And to round out all of the plot points, when Jane goes back to her apartment and takes off her shirt, creepy handsome bearded guy is there waiting to tackle her. And not in the sexy way.

Tattoo Meanings
This week’s tattoo, a series of letters and numbers, builds on last episode’s serendipitously discovered Chinese characters. The cipher leads them to unlock the name Major Arthur Gibson, an angry former Air Force officer.

Blind Sides:

  • The major stumbling block of this episode is its unnecessary jumpiness. Yes, flashbacks are crucial to explain Jane’s point of view and memory-recovery process, but when the opening scene acts as an arbitrary tease, the time travel — when combined with Weller’s memories and the constant location changes — becomes distracting, confusing, and excessive.
  • The second weakness lies in the show’s inability to balance action with introspection. Though dramatics and explosions are part and parcel to an FBI drama, there is too little time spent developing our characters’ personalities and interactions in lieu of packing in plotline. When the majority of “meaningful” conversation happens in a car en route to an explosion via empty dialogue, it hacks away at our characters’ potential. And at our ability to care about what becomes of them.
  • Furthermore, with so many scene-cuts between explosions, chases, and locations, it seems like past revelations are stuffed in as an afterthought.

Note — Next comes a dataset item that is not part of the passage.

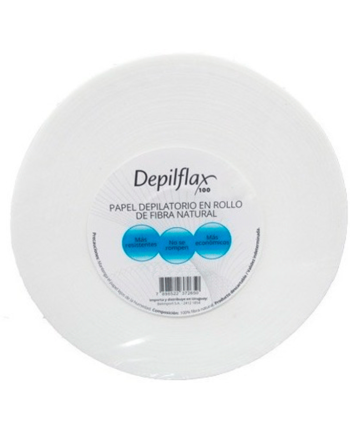 Papel depilatorio en rollo DEPILFLAX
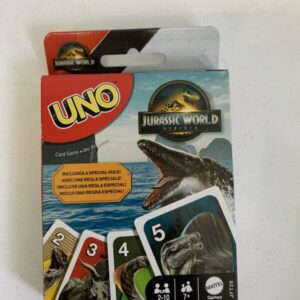 Game:  Jurassic World Uno (New)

Right now these are actually the most interesting parts of Blindspot, and it feels as if they’re being quickly unpacked into a messy pile.
  • Finally, when Jane splits from Weller for her own SUV chase scene, she displays a sense of determination — jaw set, eyes fierce. It’s a fantastic shift from her usual wistfulness.
  • Weller continues to vacillate between haunted and rattled. It’s exhausting.
  • Many longing looks are exchanged between Jane and Weller, but still, no make-outs. For a show that can’t seem to just slow down and take its time, it sure is drawing out the tension.